Introduction

Gen-4 enables fast, controllable, and flexible video generation that can seamlessly sit beside live action, animated and VFX content. Gen-4 creates videos in 5 or 10 second durations based on an input image and text prompt you provide.

This article covers different example structures, keywords, and prompting tips to help you get started with Gen-4. For information about Gen-4 pricing, output details, and using the UI, please see the Creating with Gen-4 documentation.

Article highlights

Don't underestimate the power of simplicity in your text prompt
Use a high-quality input image, free of visual artifacts, for best results
Use the text prompt to focus on describing motion
Use positive phrasing and avoid negative prompts
Refer to subjects in general terms, like "the subject"

Prompting Basics

This section covers our recommended approach to prompting, but experimenting with prompt variations and patterns will allow you to discover what works best for your inputs and desired outcome.

Prompting for Iteration

The Gen-4 model thrives on prompt simplicity. Rather than starting with an overly complex prompt, we recommend beginning your session with a simple prompt, and iterating by adding more details as needed.

Begin with a foundational prompt that captures only the most essential motion to the scene. Once your basic motion works well, try adding different prompt elements to further refine the output:

Subject motion
Camera motion
Scene motion
Style descriptors

Adding one new element at a time will help you identify which additions improve your video, understand how different elements interact, and more effectively troubleshoot unexpected results.

Below is an example prompt that conveys all ingredients:

Prompt	Input image	Output
a handheld camera tracks the mechanical bull as it runs across the desert. the movement disturbs dust that trails behind the mechanical creature. cinematic live-action.

See the Prompt Elements section for more example prompts and their respective outputs.

Best Practices

While there's no right or wrong way to write a prompt, following these best practices will help you achieve the results you envision. Click each recommendation for more context and examples:

Use positive phrasing only

Gen-4 is designed to interpret prompts that describe what should happen in your video, not what should be avoided. Negative phrasing is not supported and may produce unpredictable or even opposite results.

❌ No camera movement. The camera doesn't move. NO MOVEMENT

✅ Locked camera. The camera remains still.

Use direct, simple, and easily understood prompts

Avoid using overly conceptual language and phrasing when a simplistic description would efficiently convey the scene. Using prompts that describe the idea or feeling behind a motion, rather than the specific physical movements, may lead to unexpected results.

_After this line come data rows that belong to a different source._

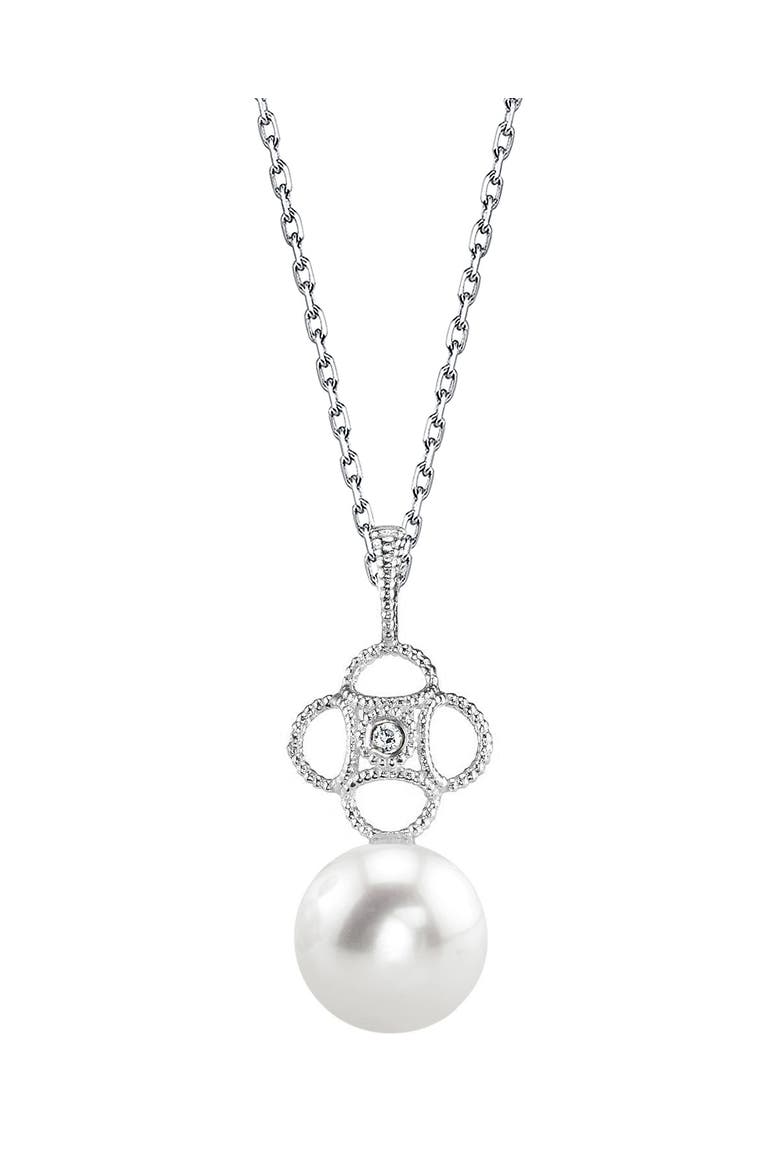 14K Gold Freshwater Pearl & Diamond Lacy Pendant, Main, color, White Gold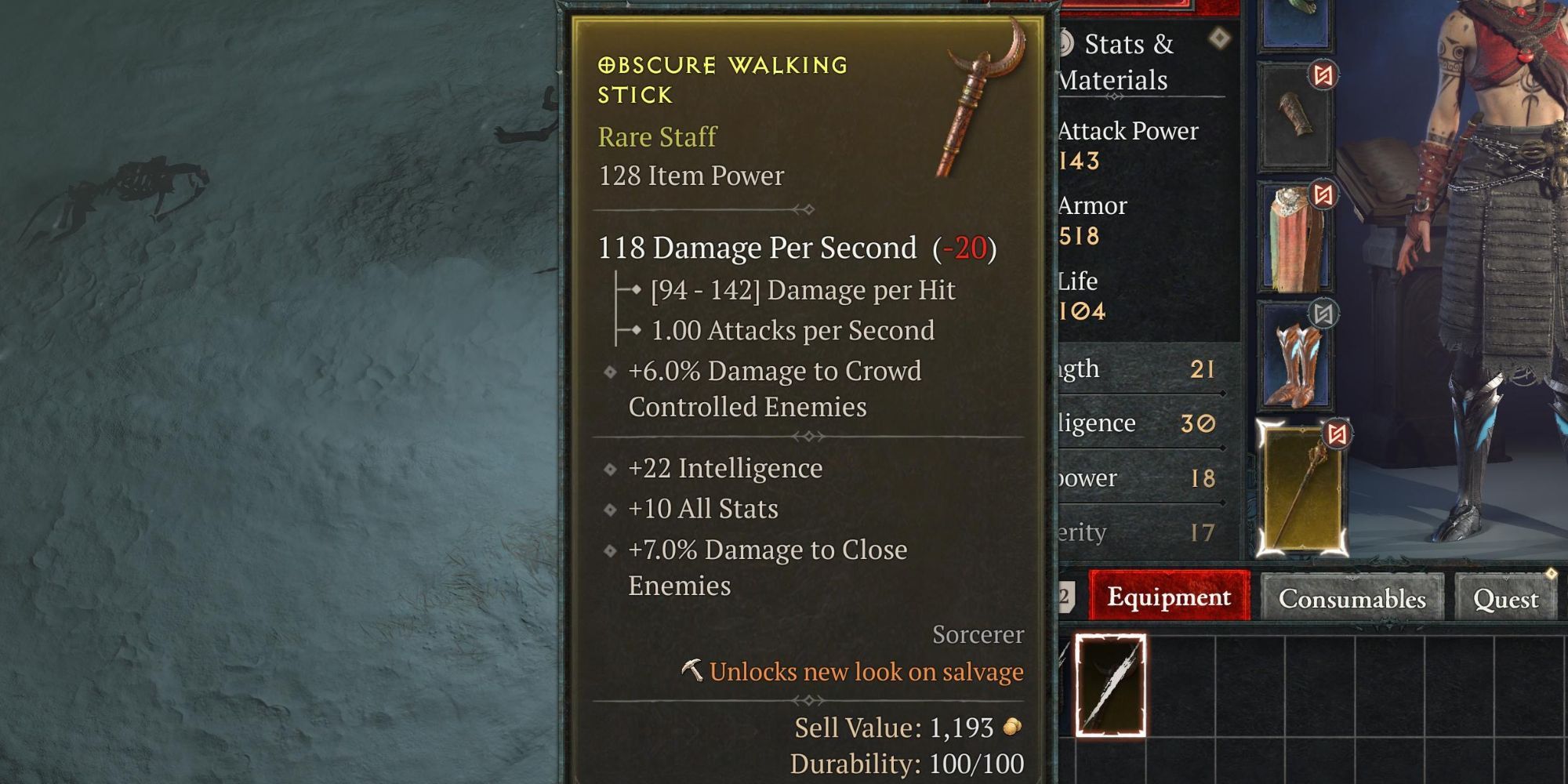 The Obscure Walking Stick in Diablo 4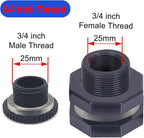 2 PCS Rain Barrel Bulkhead Fitting kit with Plugs and Hole Saw Tool, 3/4 Inch PVC Spigot Connector Kit for Rain Barrels Water Tanks Pools Aquariums Tubs (Bulkhead 3/4 Inch)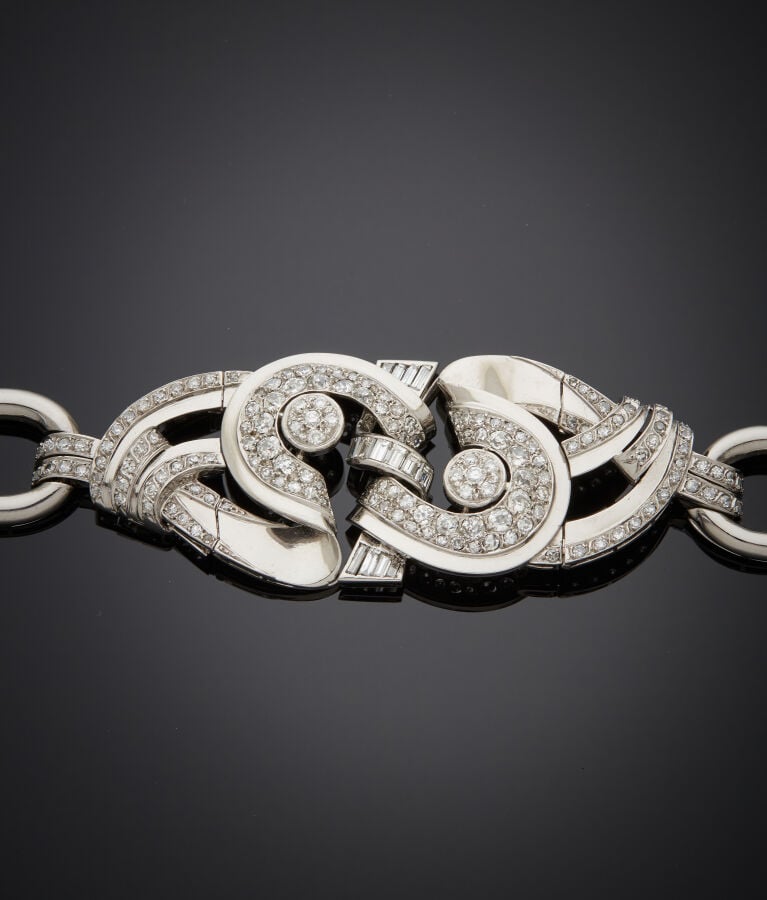 Important BRACELET en platine (min. 800‰) ajouré, à motifs géométriques en chut…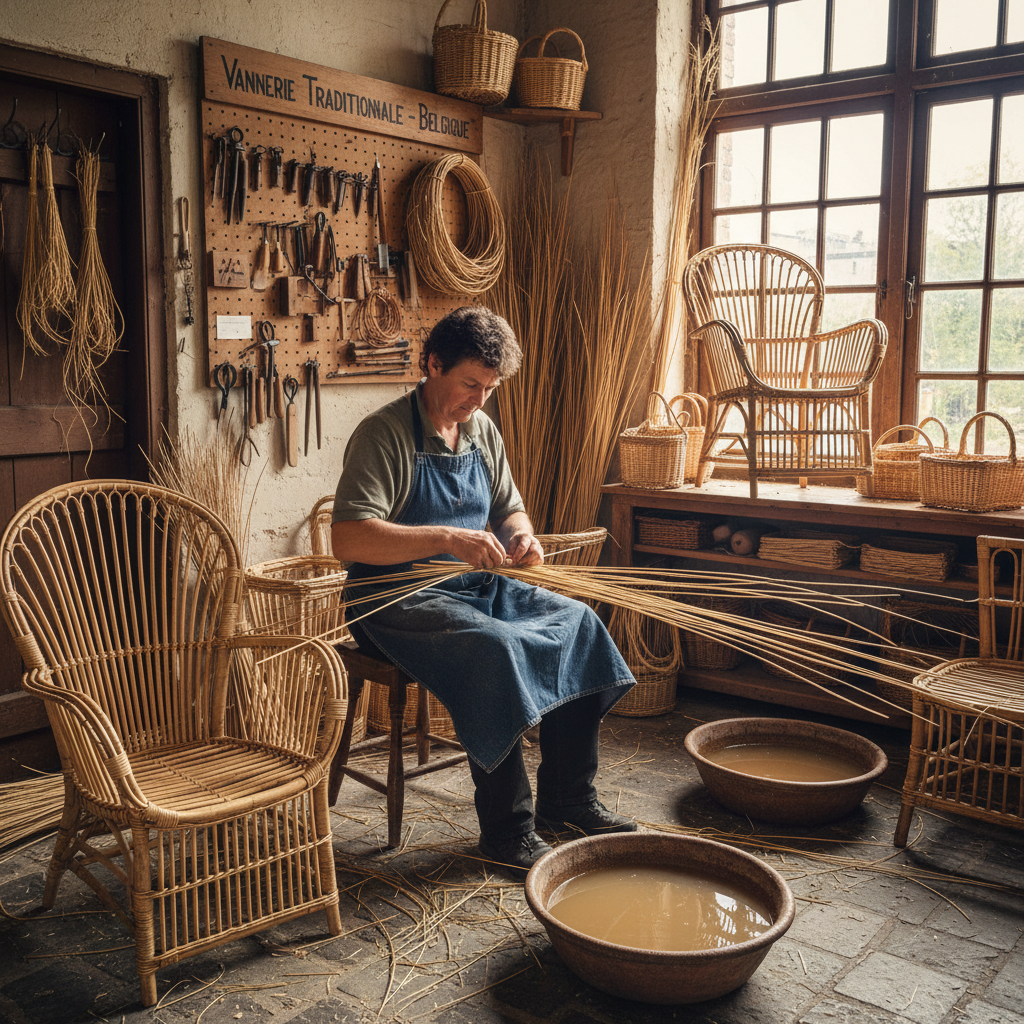 vannerie artisanale mobilier belgique rotin osier création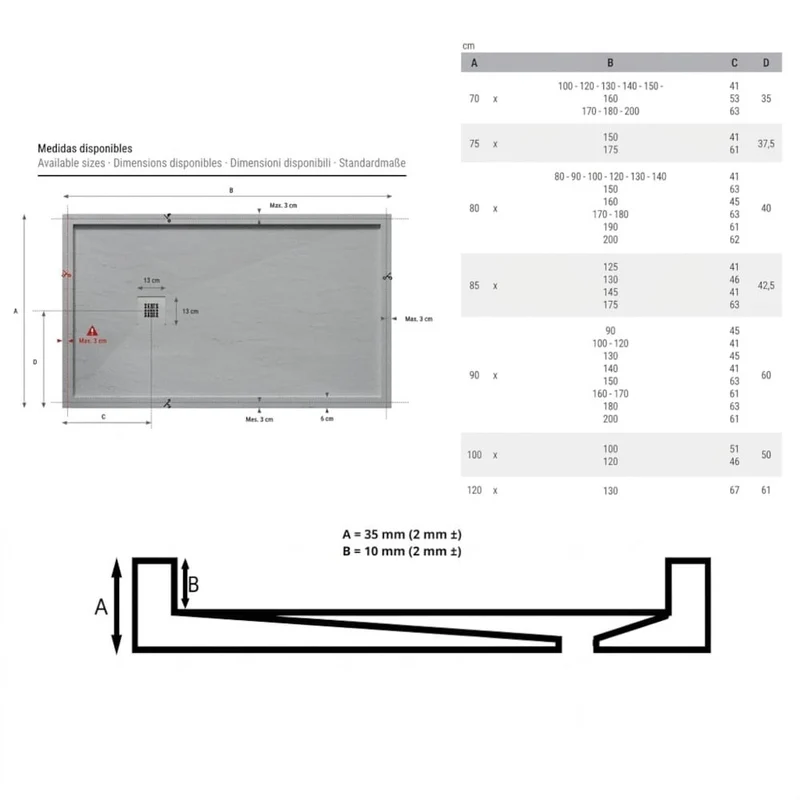 Mineralguss-Duschwanne extra flach mit Rand SARIN SCHWARZ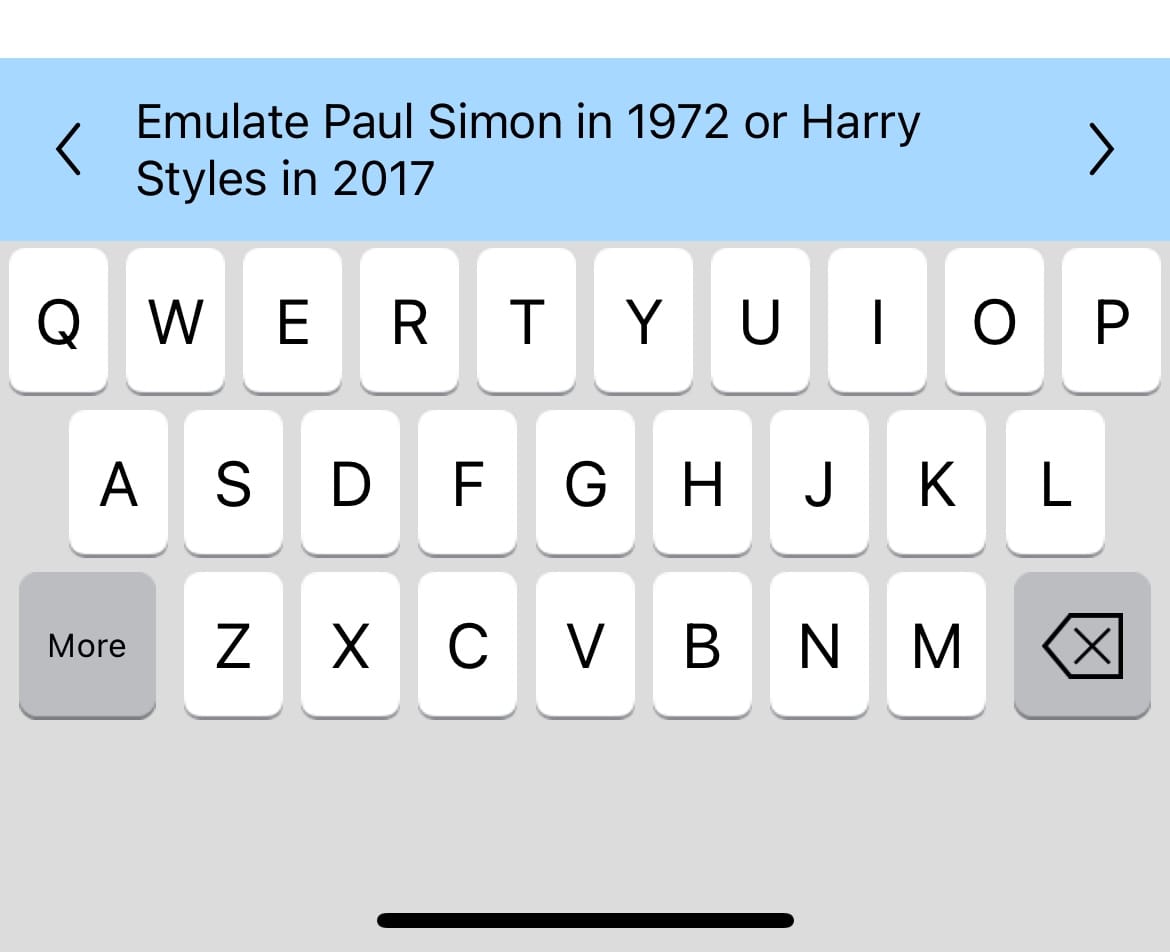 Keyboard interface of the NYT crossword showing the clue “Emulate Paul Simon in 1972 or Harry Styles in 2017”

Abstract concepts force the model to interpret your intention, often resulting in random or unexpected movements. Always translate conceptual ideas into clear, specific physical actions the model can understand. This direct approach eliminates ambiguity and provides the model with concrete instructions it can reliably execute.

❌ The subject embodies the essence of joyful greeting, manifesting an acknowledgment of presence in a welcoming manner that conveys inner happiness.

✅ The woman smiles and waves.

Focus on describing the motion, rather than the input image

Both text and image inputs are considered part of your prompt. Reiterating elements that exist within the image in high detail can lead to reduced motion or unexpected results in the output.

❌ The tall man with black hair wearing a blue business suit and red tie reaches out his hand for a handshake

✅ The man extends his arm to shake hands, then nods politely.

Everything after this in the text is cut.